I’ve been recently informed by no fewer than two professionals in book marketing that several of my books’ covers need improvement. This came as no surprise. Book covers, especially for genre fiction, have tropes. They have characteristic color schemes and styles. There are good and bad points to such standardization, the main “pro” being that potential readers know what kind of book your book is right off the bat. One of the cons is that it tends to stifle originality: covers within a genre tend toward boring monotony. Frankly, I get a bit tired of seeing bare male chests emblazoned on the covers of romance novels. The beefcake has become a bit too ubiquitous, rather like the Fabio-inspired covers of the 1980s and 1990s.
For Daughter of the Twin Moons, I used the original background image, because I really like it. I think it gives off that fantasy vibe without shrieking “sword and sorcery.” I have nothing against sword-and-sorcery fantasy–I like the fantasy genre and that aspect of it especially–but that wasn’t the audience I’m aiming for in this story. The original cover was created by the “cover creator” in CreateSpace, which no longer exists. With little experience under my belt, that was the best I could do.
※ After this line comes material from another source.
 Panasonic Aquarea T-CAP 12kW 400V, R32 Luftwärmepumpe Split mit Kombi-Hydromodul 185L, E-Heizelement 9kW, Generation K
I like to think I’ve gotten better.
For Ulfbehrt’s Legacy, I also reused the original cover graphic and added more, a picture of a Norwegian Fjord pony and a modern Norwegian Navy warboat. The additional images relate to the story inside: our heroine, Zoe, gets a job caring for ponies and our hero, Lars, is an elite sailor in the Norwegian Navy. The back cover of the printed copy has a picture of one of Norway’s many beautiful and dramatic fjords. I’m still not entirely happy with that cover, but it’s better than the original.
I just love royalty free stock photography!
The Diamond Gate and Willow might be the next up for new covers.
Perhaps the next step in creative recovery might be updating and revising some of my older stories. We’ll see. At this point, I’m making no promises. What I can promise is that the next story I write will be dedicated to my older son, Matthew. It won’t be a story he would have read and it will likely be a story that would have greatly embarrassed him, if only because his mother wrote it and middle-aged moms aren’t supposed to know about such things, much less write about them. But Matt’s always on my mind and his memory infiltrates everything I do.